Extracted data entries:

------------

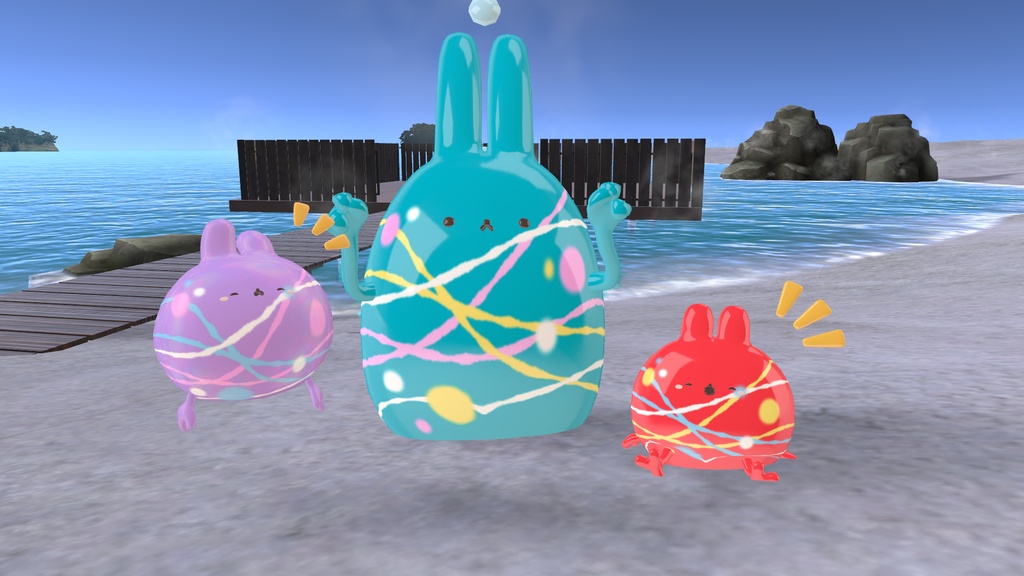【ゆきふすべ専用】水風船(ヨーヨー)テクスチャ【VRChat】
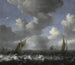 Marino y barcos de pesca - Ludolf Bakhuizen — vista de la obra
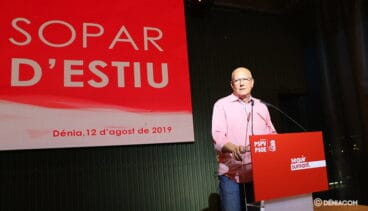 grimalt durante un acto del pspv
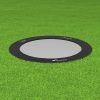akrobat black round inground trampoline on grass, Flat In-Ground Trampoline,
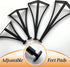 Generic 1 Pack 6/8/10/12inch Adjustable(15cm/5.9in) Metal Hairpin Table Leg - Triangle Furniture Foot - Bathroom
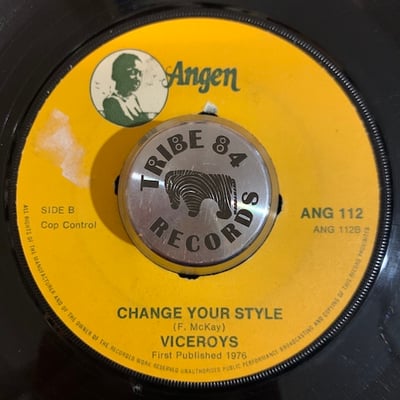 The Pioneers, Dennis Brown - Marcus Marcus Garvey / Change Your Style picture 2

------------

BRIEF
Exactly the lines from the one with "Marino y barcos" through the end of the records are to be repeated, both ends included, and pictures are to be omitted.

REPLY
 Marino y barcos de pesca - Ludolf Bakhuizen — vista de la obra
 grimalt durante un acto del pspv
akrobat black round inground trampoline on grass, Flat In-Ground Trampoline,
 Generic 1 Pack 6/8/10/12inch Adjustable(15cm/5.9in) Metal Hairpin Table Leg - Triangle Furniture Foot - Bathroom
 The Pioneers, Dennis Brown - Marcus Marcus Garvey / Change Your Style picture 2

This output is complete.